Bye-Bye, Blacktop—Why White Streets Will Chill Our Boiling Cities

And you thought white roofs were cool?
Two researchers take the temperature of painted pavement in Berkeley, California. (Photo: Berkeley Media)
Apr 3, 2013· 1 MIN READ
Salvatore Cardoni holds a political science degree from the George Washington University. He's written about all things environment since 2007.

Move over, white roofs. There’s a new, chill player in urbanity: so-called cool pavement.

Researchers in California have engineered a reflective coating that, when applied to blacktop, can lower the surface temperature of a city boulevard or a parking lot by a whopping 40 degrees Fahrenheit on a sweltering summer day.

“Because dark pavements absorb almost all of the sun’s energy, the pavement surface heats up, which in turn also warms up the local air,” said Haley Gilbert, of Cal Berkeley’s Heat Island Group, to The Daily Mail.

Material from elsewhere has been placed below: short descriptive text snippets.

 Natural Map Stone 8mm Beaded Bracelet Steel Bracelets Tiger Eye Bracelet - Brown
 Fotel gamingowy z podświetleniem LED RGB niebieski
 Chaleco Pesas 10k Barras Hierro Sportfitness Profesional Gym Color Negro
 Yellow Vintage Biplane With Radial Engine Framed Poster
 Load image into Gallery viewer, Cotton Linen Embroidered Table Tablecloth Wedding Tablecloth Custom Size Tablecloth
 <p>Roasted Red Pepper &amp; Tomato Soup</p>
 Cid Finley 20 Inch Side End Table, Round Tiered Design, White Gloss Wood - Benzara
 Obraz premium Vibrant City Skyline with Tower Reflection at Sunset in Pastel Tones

Because they reflect light, and therefore heat, back into the lower atmosphere, light-colored surfaces have been shown in studies to reduce smog and, more importantly, lower energy costs in big cities.

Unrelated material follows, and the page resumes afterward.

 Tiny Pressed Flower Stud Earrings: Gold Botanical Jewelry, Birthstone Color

Think of cool pavement as a very close cousin to white roofs, a movement that’s slowly—too slowly, if you ask me—sweeping the country.

As detailed in an op-ed for TakePart last month, Juan Carlos of the White Roof Project writes that “a roof covered with solar reflective white paint reflects up to 90 percent of sunlight as opposed to the 20 percent reflected by a traditional black roof.”

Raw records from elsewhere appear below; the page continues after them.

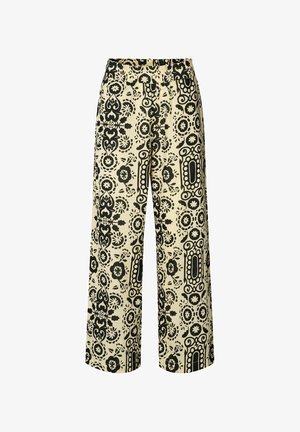Kalhoty s širokými nohavicemi z krémové látky s výrazným černým květinovým a geometrickým vzorem, s elastickým páskem pro pohodlí.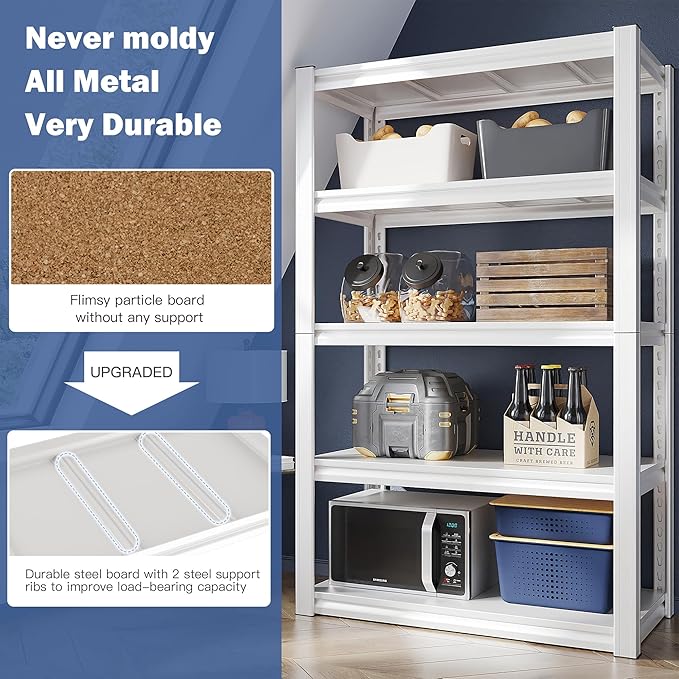 Raybee 72''H Garage Shelving Heavy Duty Storage Shelves Load 2010LBS Adjustable 5 Tier Heavy Duty Shelving White Garage Sheves Pantry Shelf for Kitchen Closet 72''H*31.7''W*16.3''D, 2Pack
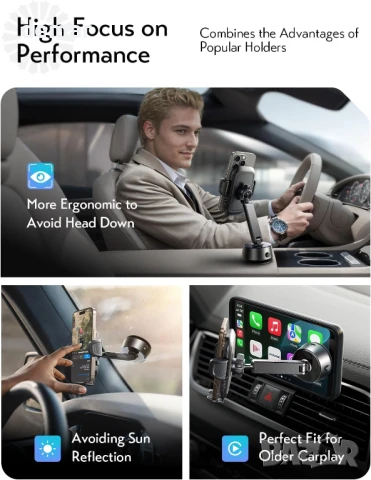 LISEN Електронна вакуумна стойка за телефон с вендуза за предно стъкло/табло, 4-7 инча устройства, снимка 3 - Аксесоари и консумативи - 50586292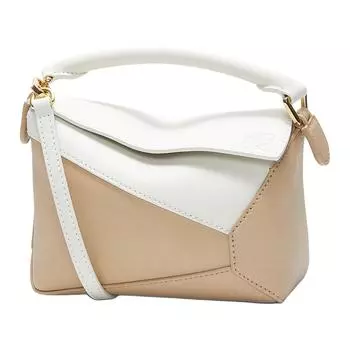 LOEWE Сумка-мешочек Puzzle из коровьей кожи, мини-сумка через плечо, женская, мягкая, белого и бежевого цвета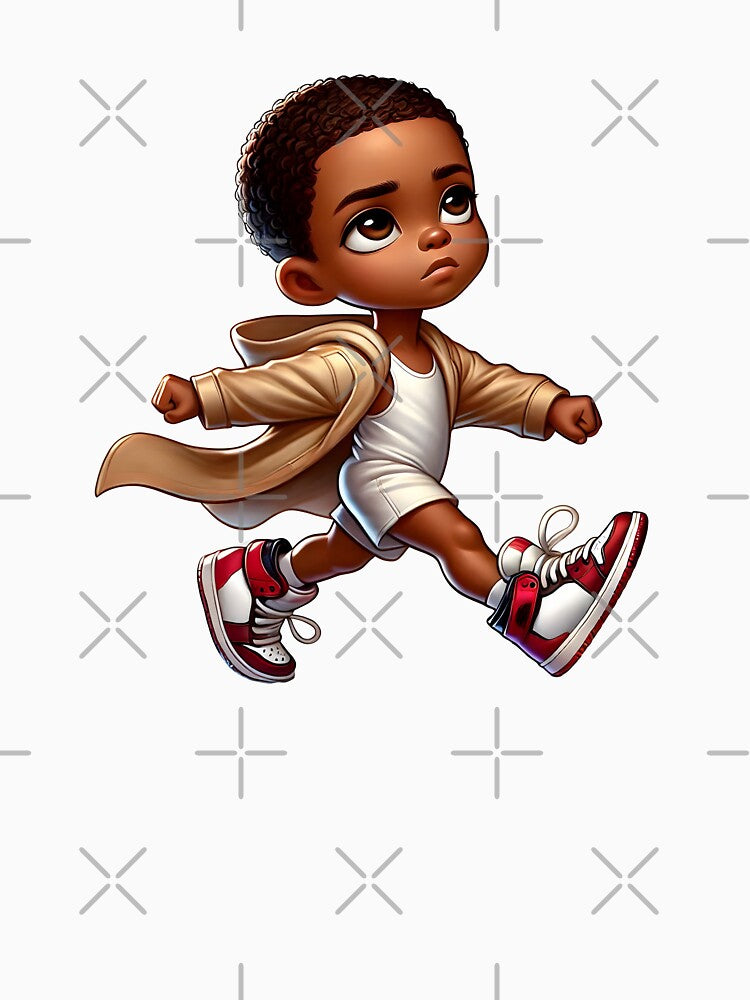 Stylish Melanin Boy Walking – Trendy Cool Kid Illustration by Lulunza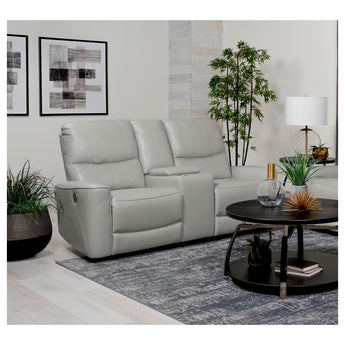 Greenfield Power Reclining Console Loveseat - Ivory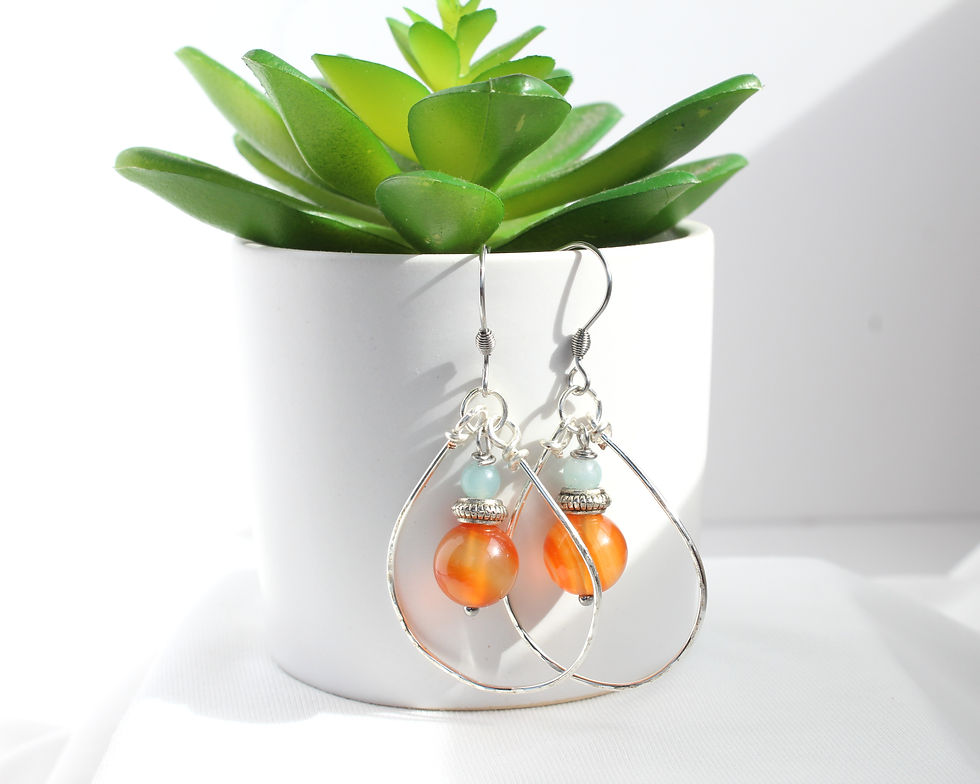 Carnelian amazonite hoop earrings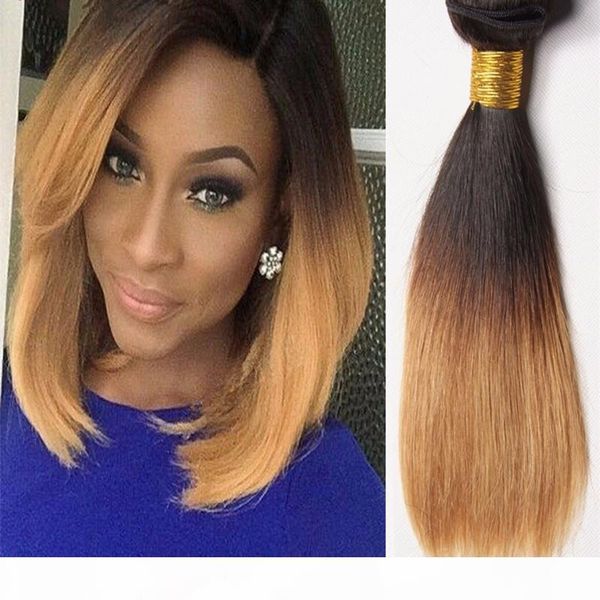 

brown blonde human hair weaves 1b 4 27 malaysian peruvian brazilain straight wavy virgin three tone ombre hair wefts extension for sale, Black;brown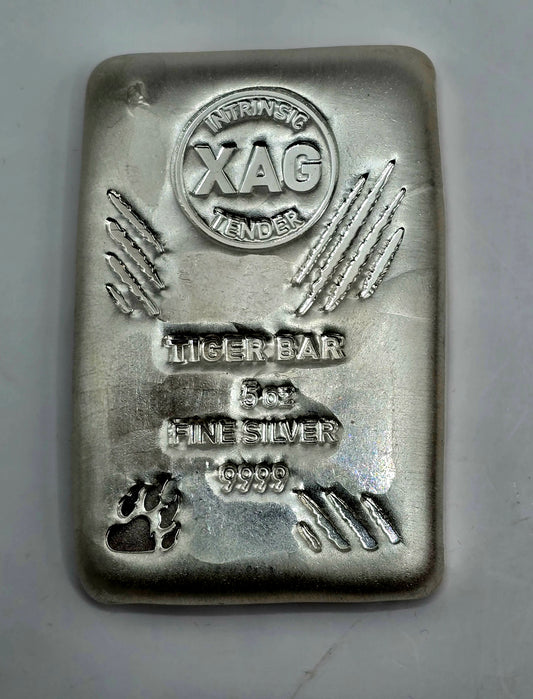 5oz XAG Tiger silver bar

And, implementing a white roof program in just 11 large cities could save the U.S. 7 gigawatts in energy usage, or “the equivalent of turning off 14 power plants.”

Because the cool pavement movement is in its infancy, it really isn’t known exactly how much a painted avenue, say in Manhattan, would lower a city’s long-term temperature.

And the folks in Berkeley are still working out which light color will prove coolest. “Some likely perform better under vehicle traffic on city roads. Others may maintain solar reflectance better over time,” said Ben Mandel, a research assistant on the project.

If I had a vote, I’d paint cities green. Actually, that’s a white lie, since if I really had my way, I wouldn’t be advocating for urban painting but for urban planting instead.

You see, if we’re truly interested in sending urban heat islands to a permanent icy grave, mayors up and down and across the country should be greenlighting the planting of millions of city trees, opening more and more city parks, and planting more and more rooftop gardens and farms.